Visualising This Data in R

Importantly, there are ways to visualise data in R that can help communicate your findings in a more accessible way to general audiences.

Let’s have a look at the data I collected for my MSc thesis. In this study, I was interested in seeing whether using social media in a passive way was associated with increased comparison behaviour, emotional investment in social media, worry, and sleep problems.

Let’s get our packages ready!

library(tidyverse)
library(corrplot)
library(psych)
library(viridis)

Now let’s download and load in our data…

Dataset: correlations_heatmap.csv

correlations_heatmap <- read_csv("correlations_heatmap.csv")

…and have a look at it.

head(correlations_heatmap)

So columns 1 and 2 give us the name of the variable, and column 3 gives us an r value which just tells us the strength of the relationship. These values range between +1 and -1.

geom_tile()

So, now we have information about the strength of the relationship between these variables. But, looking at these numbers by themselves isn’t very intuitive for a general audience.

Luckily, R helps us communicate the strength of these relationships through colour.

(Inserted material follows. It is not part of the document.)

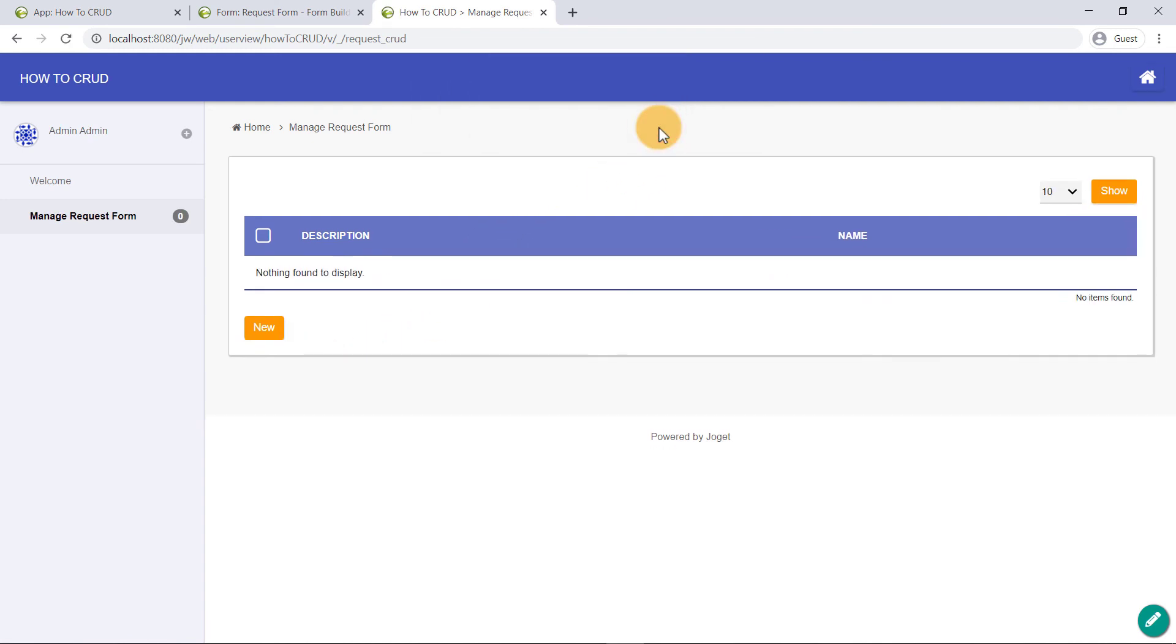And there you have it. All four functions of the CRUD made available via the app generator. Good job! We are done with this tutorial. Thanks for watching.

ggplot(correlations_heatmap, aes(V1,V2, fill = r)) +
         geom_tile(aes(fill = r))

So, here, the closer the tile is to light blue then the stronger the relationship in a positive direction (i.e. as passive increases, so does ability comparison). The closer the tile is to navy, then the stronger the negative relationship (i.e. as rumination increases, sleep health decreases).

But, we can add more information here. What is the actual numeric value of the correlation?

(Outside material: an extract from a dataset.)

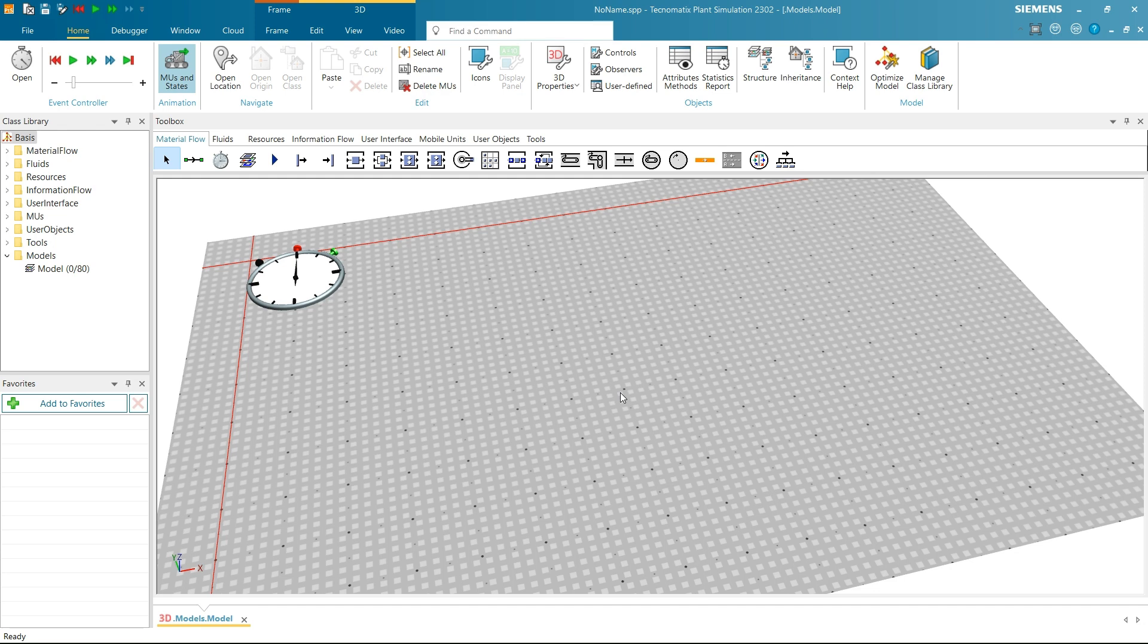Hello everyone. Welcome back to Plant Simulation Pro. Today, we will learn the different options to connect methods and trigger them.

ggplot(correlations_heatmap, aes(V1,V2, fill = r)) + 
  geom_tile(aes(fill = r)) +
  geom_text(aes(label = paste(round(r,1))))

Okay…we’re getting somewhere. But the text on the x axis is hard to read, let’s flip it round.

ggplot(correlations_heatmap, aes(V1,V2, fill = r)) + 
  geom_tile(aes(fill = r)) +
  geom_text(aes(label = paste(round(r,1)))) + 
  theme(axis.text.x= element_text(angle=90))

Great! Now we can clearly read our labels and we also have some extra information about the strength of each relationship. But, I personally find these shades of blue quite difficult to tell apart. Luckily, there’s many other colour palettes that we can try!

ggplot(correlations_heatmap, aes(V1,V2, fill = r)) + 
  geom_tile(aes(fill = r)) +
  scale_fill_gradient2(low = "navy", mid = "green", high = "yellow", space = "Lab") +
  geom_text(aes(label = paste(round(r,1)))) + 
  theme(axis.text.x= element_text(angle=90))

Play about with these options and try and make the ugliest colour combination possible!

A really great package in R is viridis. This will let us plot our data in a way that is perceptually uniform - meaning that the difference we see between the colours is equivalent to the actual distance between these colours in colour space.

ggplot(correlations_heatmap, aes(V1,V2, fill = r)) + 
  geom_tile(aes(fill = r)) +
  scale_fill_viridis() +
  geom_text(aes(label = paste(round(r,1)))) + 
  theme(axis.text.x= element_text(angle=90))

This is much easier on the eye!

We can see here from the little bar at the side, that the closer the colour of the tile is to yellow - the more positively related they are (i.e. as passive social media use increases, so does ability comparison). The closer the colour is to purple, the more negatively associated they are (i.e. as rumination increases, sleep health decreases).

corrplot()

We can also visualise the strength of these relationships using a function called corrplot which has so many great, intuitive ways of explaining correlations.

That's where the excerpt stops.